In the following cell we'll define a very simple Language Model by extending the `nn.Module` PyTorch provides.

Note that we allow this module to have a variable `embedding_size`, `hidden_size`,  number of layers (`n_layers`) as well as Dropout probability `dropout_p` on the embedding layer.

In [0]:
class LanguageModel(nn.Module): 
    def __init__(self, vocab_size, embedding_size, hidden_size, n_layers=1, dropout_p=0.5):

        super(LanguageModel, self).__init__()
        self.n_layers = n_layers
        self.hidden_size = hidden_size
        self.embed = nn.Embedding(vocab_size, embedding_size)
        self.rnn = nn.LSTM(embedding_size, hidden_size, n_layers, batch_first=True)
        self.linear = nn.Linear(hidden_size, vocab_size)
        self.dropout = nn.Dropout(dropout_p)
        
    def init_weight(self):
        self.embed.weight = nn.init.xavier_uniform_(self.embed.weight)
        self.linear.weight = nn.init.xavier_uniform_(self.linear.weight)
        self.linear.bias.data.fill_(0)
        
    def init_hidden(self, batch_size):
        hidden = Variable(torch.zeros(self.n_layers, batch_size, self.hidden_size))
        context = Variable(torch.zeros(self.n_layers, batch_size, self.hidden_size))
        return (hidden.cuda(), context.cuda()) if USE_CUDA else (hidden, context)
    
    def detach_hidden(self, hiddens):
        return tuple([hidden.detach() for hidden in hiddens])
    
    def forward(self, inputs, hidden, is_training=False): 
        embeds = self.embed(inputs)
        
        if is_training:
            embeds = self.dropout(embeds)
        out, hidden = self.rnn(embeds, hidden)
        
        return self.linear(out.contiguous().view(out.size(0) * out.size(1), -1)), hidden

## Training

In [0]:
EMBED_SIZE = 128
HIDDEN_SIZE = 1024
NUM_LAYER = 1
LR = 0.01
SEQ_LENGTH = 30 # for bptt
BATCH_SIZE = 100
EPOCH = 10
VOCAB_SIZE = len(word2index)
DROPOUT_PROB = 0.5
USE_RESCHEDULING = False

In [0]:
train_data = batchify(train_data, BATCH_SIZE)
dev_data = batchify(dev_data, BATCH_SIZE//2)
test_data = batchify(test_data, BATCH_SIZE//2)

In [0]:
model = LanguageModel(VOCAB_SIZE, EMBED_SIZE, HIDDEN_SIZE, NUM_LAYER, DROPOUT_PROB)
model.init_weight() 
if USE_CUDA:
    model = model.cuda()
loss_function = nn.CrossEntropyLoss()
optimizer = optim.Adam(model.parameters(), lr=LR)

In [0]:
rescheduled = False
for epoch in range(EPOCH):
    total_loss = 0
    losses = []
    hidden = model.init_hidden(BATCH_SIZE)
    for i,batch in enumerate(get_batch(train_data, SEQ_LENGTH)):
        inputs, targets = batch
        hidden = model.detach_hidden(hidden)
        model.zero_grad()
        preds, hidden = model(inputs, hidden, True)
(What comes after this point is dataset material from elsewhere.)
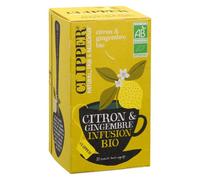 CLIPPER - Infusion Bio - Citron & Gingembre - 20 Sachets d'Infusion Bio - 1 paquet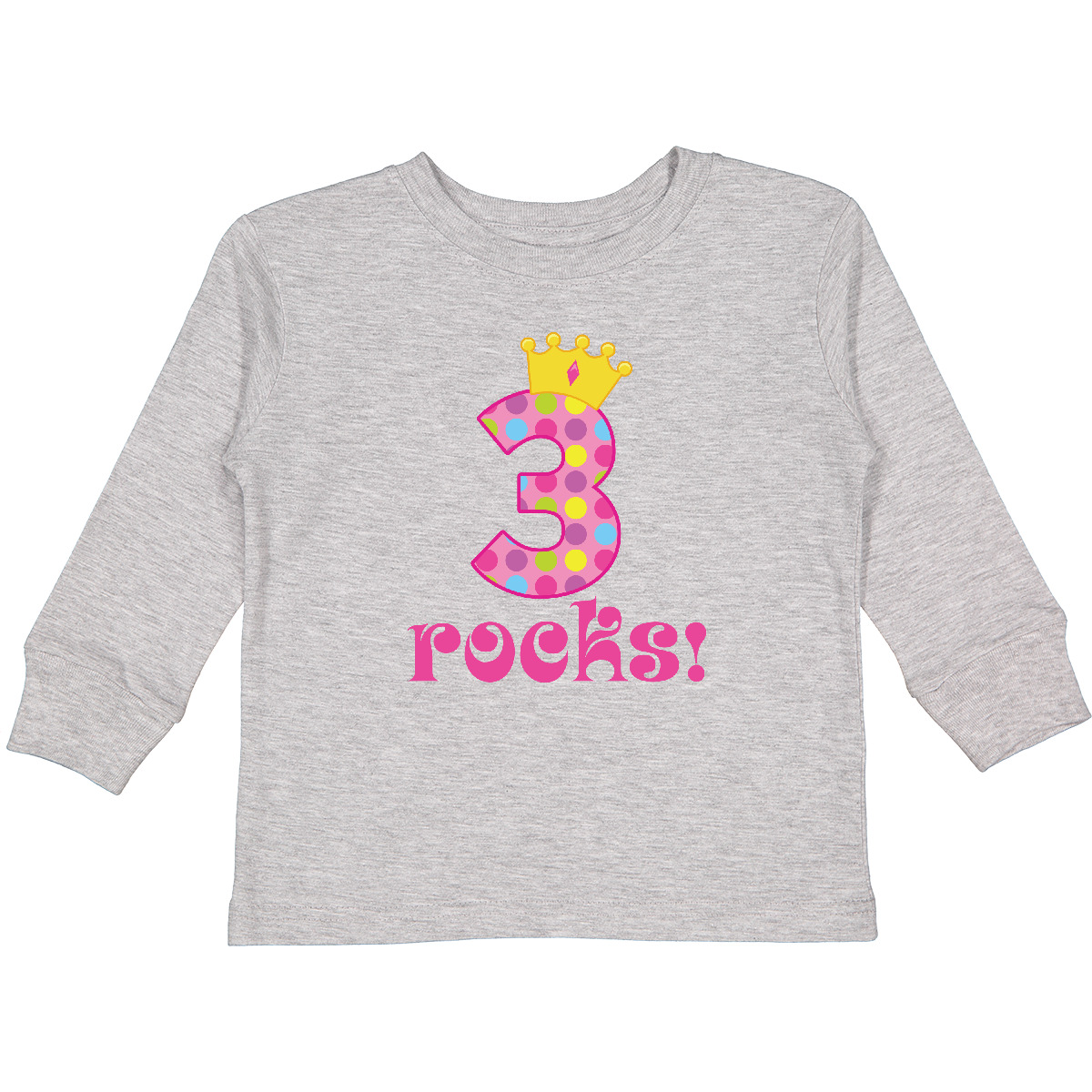 Inktastic 3rd Birthday Rocks Princess 3 Year Old Toddler Long Sleeve T-Shirt Dot - Picture 4 of 8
        loss = loss_function(preds, targets.view(-1))
        losses.append(loss.item())
        loss.backward()
        torch.nn.utils.clip_grad_norm_(model.parameters(), 0.5) # gradient clipping
        optimizer.step()

        if i > 0 and i % 50 == 0:
            print("[{0:2d}/{1:2d}] mean_loss : {2:.2f}, Perplexity : {3:.2f}".format(epoch, EPOCH, np.mean(losses), np.exp(np.mean(losses))))
            losses = []
      
        if USE_RESCHEDULING:
          # learning rate anealing
          # You can use http://pytorch.org/docs/master/optim.html#how-to-adjust-learning-rate
          if rescheduled == False and epoch == EPOCH//2:
              LR *= 0.1
              optimizer = optim.Adam(model.parameters(), lr=LR)
              rescheduled = True

## Testing

In [0]:
total_loss = 0
hidden = model.init_hidden(BATCH_SIZE//2)
for batch in get_batch(test_data, SEQ_LENGTH):
    inputs,targets = batch
        
    hidden = model.detach_hidden(hidden)
    model.zero_grad()
    preds, hidden = model(inputs, hidden)
    total_loss += inputs.size(1) * loss_function(preds, targets.view(-1)).data

total_loss = total_loss.item()/test_data.size(1)
print("Test Perpelexity : {:.2f}".format(np.exp(total_loss)))

In [0]:
device = torch.device('cuda' if torch.cuda.is_available() else 'cpu')
NUM_SAMPLES = 500

with torch.no_grad():
    with open('sample.txt', 'w') as f:
        # Set intial hidden ane cell states
        state = (torch.zeros(NUM_LAYER, 1, HIDDEN_SIZE).to(device),
                 torch.zeros(NUM_LAYER, 1, HIDDEN_SIZE).to(device))

        # Select one word id randomly
        prob = torch.ones(VOCAB_SIZE)
        input = torch.multinomial(prob, num_samples=1).unsqueeze(1).to(device)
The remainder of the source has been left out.